Conceptual question in regards to oscilloscope output

[claymine]

can some one help me understand this problem conceptually I'm doubting the explanation given below (superposition happens on when they are on the same axis right but this problem two frequencies are on orthogonal basis).
My thought was since frequency on Y is twice as many as on X. so i picked E

 

[claymine]

I plotted in mathematica for sin(x)+sin(2x)

 

[Dullard]

None of the choices are correct. (E) would be correct if the X/Y axis assignments in the problem statement are reversed.

 

[claymine]

None of the choices are correct. (E) would be correct if the X/Y axis assignments in the problem statement are reversed.

I agree with you. it's very stupid. but problem is it appeared on the 1992 GRE. so the problem maker might made a mistake

 

[claymine]

I agree with you. it's very stupid. but problem is it appeared on the 1992 GRE. so the problem maker might made a mistake

maybe if you zoom in you can get choice (A)

 

[Dullard]

LOL.
I was just pondering that. (A) is actually correct.

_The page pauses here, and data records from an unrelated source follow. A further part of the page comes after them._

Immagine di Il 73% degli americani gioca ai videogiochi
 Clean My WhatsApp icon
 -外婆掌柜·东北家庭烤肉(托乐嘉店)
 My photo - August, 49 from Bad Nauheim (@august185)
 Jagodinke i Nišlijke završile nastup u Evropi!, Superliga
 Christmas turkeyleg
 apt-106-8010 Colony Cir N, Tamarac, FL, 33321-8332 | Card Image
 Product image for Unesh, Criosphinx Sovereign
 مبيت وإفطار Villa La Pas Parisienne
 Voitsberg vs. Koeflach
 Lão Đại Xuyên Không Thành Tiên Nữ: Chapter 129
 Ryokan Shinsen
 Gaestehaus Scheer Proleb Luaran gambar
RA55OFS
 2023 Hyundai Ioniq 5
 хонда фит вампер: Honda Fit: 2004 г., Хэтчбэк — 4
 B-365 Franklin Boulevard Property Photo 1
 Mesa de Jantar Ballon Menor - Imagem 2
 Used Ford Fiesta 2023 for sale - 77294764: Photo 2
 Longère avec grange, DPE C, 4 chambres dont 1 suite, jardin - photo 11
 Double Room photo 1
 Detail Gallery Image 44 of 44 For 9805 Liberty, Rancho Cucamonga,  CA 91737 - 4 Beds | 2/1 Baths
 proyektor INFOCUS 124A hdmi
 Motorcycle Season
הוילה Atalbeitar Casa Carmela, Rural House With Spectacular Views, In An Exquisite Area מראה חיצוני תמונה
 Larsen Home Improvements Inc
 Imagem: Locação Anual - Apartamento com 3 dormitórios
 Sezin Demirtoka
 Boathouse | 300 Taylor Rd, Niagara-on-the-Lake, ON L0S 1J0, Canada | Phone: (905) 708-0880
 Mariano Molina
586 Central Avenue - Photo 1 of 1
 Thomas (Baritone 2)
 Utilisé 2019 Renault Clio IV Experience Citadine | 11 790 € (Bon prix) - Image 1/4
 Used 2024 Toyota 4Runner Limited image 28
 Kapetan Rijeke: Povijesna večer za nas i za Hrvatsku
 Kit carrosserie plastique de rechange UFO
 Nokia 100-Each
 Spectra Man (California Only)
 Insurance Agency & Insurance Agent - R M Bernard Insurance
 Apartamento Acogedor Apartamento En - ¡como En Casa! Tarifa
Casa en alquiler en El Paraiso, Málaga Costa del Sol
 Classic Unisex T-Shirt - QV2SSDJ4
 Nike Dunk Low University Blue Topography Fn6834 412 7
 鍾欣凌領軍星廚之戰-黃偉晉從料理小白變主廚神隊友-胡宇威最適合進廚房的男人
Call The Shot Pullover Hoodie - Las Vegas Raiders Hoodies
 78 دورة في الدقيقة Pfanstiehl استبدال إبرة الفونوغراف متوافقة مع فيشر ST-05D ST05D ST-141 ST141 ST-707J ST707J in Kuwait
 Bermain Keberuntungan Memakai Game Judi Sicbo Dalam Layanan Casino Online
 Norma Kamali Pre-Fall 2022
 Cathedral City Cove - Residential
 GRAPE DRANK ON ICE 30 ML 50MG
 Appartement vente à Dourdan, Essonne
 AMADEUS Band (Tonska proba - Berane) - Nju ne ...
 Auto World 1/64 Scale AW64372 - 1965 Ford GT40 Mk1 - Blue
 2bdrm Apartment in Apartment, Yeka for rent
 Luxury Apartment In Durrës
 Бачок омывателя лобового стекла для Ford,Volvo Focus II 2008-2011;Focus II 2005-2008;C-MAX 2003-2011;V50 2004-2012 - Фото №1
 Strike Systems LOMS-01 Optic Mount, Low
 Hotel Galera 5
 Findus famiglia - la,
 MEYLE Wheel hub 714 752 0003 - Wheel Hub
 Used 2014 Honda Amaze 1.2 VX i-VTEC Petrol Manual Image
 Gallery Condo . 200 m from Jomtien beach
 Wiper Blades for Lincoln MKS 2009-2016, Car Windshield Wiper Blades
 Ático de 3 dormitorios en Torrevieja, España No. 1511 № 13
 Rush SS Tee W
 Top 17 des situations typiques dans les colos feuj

A 90 degree phase shift will make the 'rotated' (E) look like (A).

 

[jrmichler]

Back in high school, a friend and I had playing privileges in the school physics room during the teacher's free hour. One day, we stacked up all the oscilloscopes and signal generators in a big pyramid, and connected them to make a different Lissajous figure on each scope. We were busy trying to make them all rotate clockwise (or something) when the principal walked in, looked at what we were doing, commented "gosh, that looks very technical", and went over and congratulated the teacher for doing a good job.

I just had to try this in Octave (Matlab clone). I made two plots, the top one with the signals in phase, and the bottom one where I added $\frac \pi 2$ to Y.

 

[claymine]

Back in high school, a friend and I had playing privileges in the school physics room during the teacher's free hour. One day, we stacked up all the oscilloscopes and signal generators in a big pyramid, and connected them to make a different Lissajous figure on each scope. We were busy trying to make them all rotate clockwise (or something) when the principal walked in, looked at what we were doing, commented "gosh, that looks very technical", and went over and congratulated the teacher for doing a good job.

I just had to try this in Octave (Matlab clone). I made two plots, the top one with the signals in phase, and the bottom one where I added $\frac \pi 2$ to Y.
View attachment 249309

wow bravo

 

[scottdave]

It's a parametric equation with x = function of t and y = function of t, like @jrmichler shows. It's tricky because they tell you it starts at the center of the screen. So you might think the figure 8. But with y having double frequency, it's slope will be steeper. My thinking, without a calculator or computer, first thought if they were same frequency you'd get something like a 45 degree line tracing back and forth. Now since y has the faster frequency, it would go up the entire vertical distance in the same time travel only half the horizontal distance. So the first choice is looking like it.